Referring to FIG. 3, the lookup table includes an initial setting value and a feedback control target value for each channel. The initial setting value includes an initial current value _I LD of the SG-DFB region 12, an initial current value _{I SOA} of the SOA region 13, the initial temperature value _{T LD} of the initial current value _{I Heater} and temperature controller 60a of the heater 14 is . The feedback control target value includes a feedback control target value Im1 of the light receiving element 23a, a feedback control target value Im2 / Im1 of the light receiving elements 23a and 23b, and a feedback control target value P _Heater of the power of the heater 14.

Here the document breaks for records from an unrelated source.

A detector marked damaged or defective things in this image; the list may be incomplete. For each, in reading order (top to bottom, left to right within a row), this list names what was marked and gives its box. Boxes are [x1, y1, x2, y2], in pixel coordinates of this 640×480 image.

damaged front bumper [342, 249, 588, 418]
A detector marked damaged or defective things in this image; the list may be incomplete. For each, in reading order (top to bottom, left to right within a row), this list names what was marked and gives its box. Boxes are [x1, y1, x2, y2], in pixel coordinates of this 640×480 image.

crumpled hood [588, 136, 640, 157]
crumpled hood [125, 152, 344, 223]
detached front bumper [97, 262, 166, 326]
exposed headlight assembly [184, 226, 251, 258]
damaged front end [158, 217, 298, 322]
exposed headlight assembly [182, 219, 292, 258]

  Next, the oscillation wavelength adjustment when starting the wavelength tunable semiconductor laser 10 or switching the channel will be described. In this embodiment, dark tuning is employed. Dark tuning is a tuning method that suppresses light output from the wavelength tunable laser device 100 until the oscillation wavelength of the wavelength tunable semiconductor laser 10 reaches a predetermined wavelength range.

  FIG. 4 is a diagram illustrating an example of a flowchart representing dark tuning at the time of startup of the wavelength tunable semiconductor laser 10. Referring to FIG. 4, first, control block 51 sets the optical output of modulator 30 to be equal to or lower than a predetermined threshold by increasing the optical attenuation factor of modulator 30 (step S1). In order to increase the optical attenuation factor of the modulator 30, a bias voltage is applied to the first arm 34a and the second arm 34b so that the band edge absorption wavelength of the semiconductor constituting each arm is longer than the wavelength of the input light. What is necessary is just to shift to the side and to absorb light. For example, by applying a reverse bias of about 10 V to the first arm 34a and the second arm 34b, the extinction rate of the modulator 30 can be set to -16 dB (FIG. 5A).

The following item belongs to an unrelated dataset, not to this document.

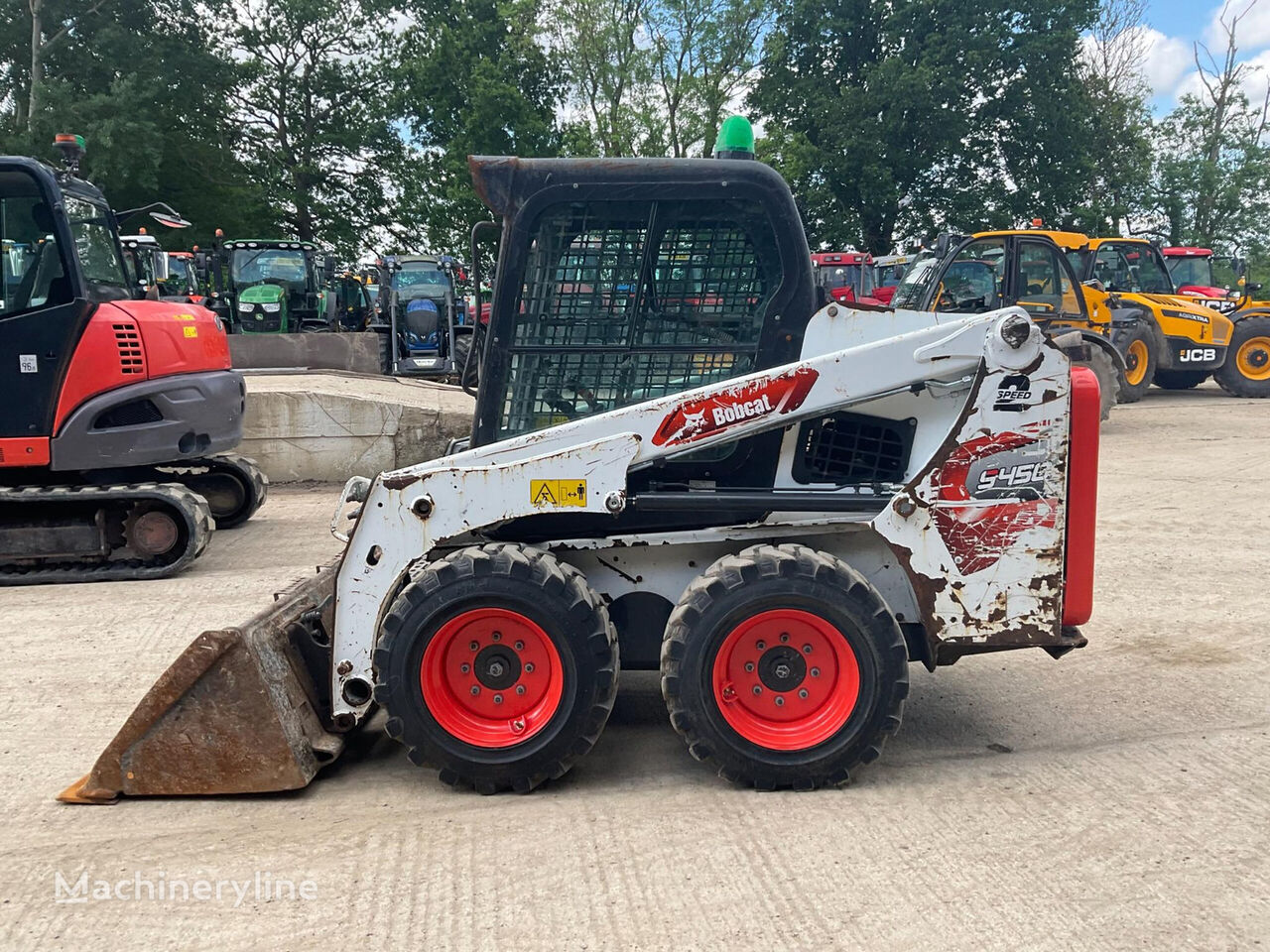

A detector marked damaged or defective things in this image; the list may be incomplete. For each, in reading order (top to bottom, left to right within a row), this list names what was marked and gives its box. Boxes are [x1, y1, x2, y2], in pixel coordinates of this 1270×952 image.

  As another example, the bias voltage of one of the first arm 34a and the second arm 34b may be optimized to the extinction position of Mach-Zehnder interference. FIG. 5B is a diagram illustrating an example of quenching due to Mach-Zehnder interference. In FIG. 5B, the horizontal axis indicates the reverse bias voltage, and the vertical axis indicates the extinction rate (Loss). In the example of FIG. 5B, extinction of Mach-Zehnder interference is realized by setting the reverse bias voltage to about 5V. The bias voltage at the time of extinction can be measured in advance and stored in a lookup table. FIG. 5C is a diagram illustrating an example of a lookup table.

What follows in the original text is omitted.